Let $$(X,*)$$ be a linear groupoid over a field X. If we define a map $$\varphi (b, c):=(b, \mu c), \forall b, c\in X$$, then $$(X,*)$$ is a dual right-twisted semigroup with respect to $$\varphi$$ when $$\lambda ^2 = \lambda$$.

### Proof

Straightforward. $$\square$$

### Theorem 2

Let $$(X,*)$$ be a linear groupoid over a field X, i.e., $$x*y:=\lambda x + \mu y$$ for all $$x, y\in X$$ and let $$\lambda \mu \not = 0$$. If $$(X,*)$$ is both a left-twisted semigroup with respect to a map $$\varphi (a, b) = (\frac{a}{\lambda }, b)$$ and a right-twisted semigroup with respect to a map $$\psi (b, c) = (b, \frac{c}{\mu })$$, then $$(X,*)$$ is an additive group of the field X.

### Proof

Since it is a left-twisted semigroup, given $$a, b, c\in X$$, $$a*(b*c) = \lambda a + \lambda \mu b + \mu ^2 c$$ and $$(u*v)*c = \lambda ^2 u + \lambda \mu v + \mu c$$ for some $$u= u(a, b), v=v(a, b)$$. Hence we have

\begin{aligned} \lambda a + \lambda \mu b + \mu ^2 c = \lambda ^2 u + \lambda \mu v + \mu c \end{aligned}
(11)

Similarly, since it is a right-twisted semigroup, we have

\begin{aligned} \lambda ^2 a + \lambda \mu b + \mu c = \lambda a + \lambda \mu u^{\prime } + \mu ^2 v^{\prime } \end{aligned}
(12)

for some $$u^{\prime } = u^{\prime }(a, b), v^{\prime } = v^{\prime }(a, b)$$. If we put $$u:= \frac{a}{\lambda }, v:= b$$ in (11), then $$\mu ^2 c = \mu c$$. It follows that $$\mu =1$$. If we put $$u^{\prime }:= b, v^{\prime }:= \frac{c}{\mu }$$ in (12), then $$\lambda ^2 a =\lambda a$$, proving that $$\lambda = 1$$. Hence $$x*y = x + y$$, i.e., $$(X,*)$$ is an additive group of the field X. $$\square$$

### Proposition 7

Let $$(X,*)$$ be a linear groupoid over a field X, i.e., $$x*y =\lambda x + \mu y$$ for all $$x, y\in X$$ where $$\lambda , \mu$$ are not all zero.
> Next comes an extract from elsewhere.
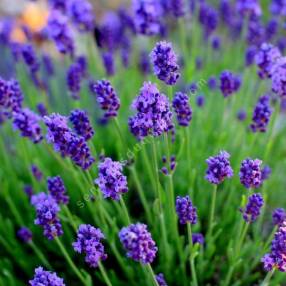 Lavandula angustifolia 'Thumbelina Leigh' - Vraie Lavande Naine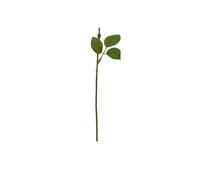 YGLEEULI Artificiales con Hojas Plantas 10 Uds. De Ramas de Flores, Tallos, Falsas, Rosas con Hojas, Alambre Floral, Decorar hortensias, Plantas, decoración DIY(Rose Leaf Stem 25cm)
If we define a map $$\varphi (a, c) :=(\lambda a, \frac{1}{\mu }c), \forall a,c \in X$$ where $$\mu \not = 0$$, then $$(X, *)$$ is a middle-twisted semigroup with respect to $$\varphi$$.

### Proof

Straightforward. $$\square$$

### Example 7

Let $$(\mathbf{R}, +, \cdot )$$ be a real field. Define a binary operation “$$*$$” on $$\mathbf{R}$$ by $$x*y := x-y, \forall x, y\in \mathbf{R}$$ and define a map $$\varphi (a, c) :=(a, -c), \forall a, c \in \mathbf{R}$$. Then $$(\mathbf{R}, *)$$ is a dual middle-twisted semigroup with respect to $$\varphi$$.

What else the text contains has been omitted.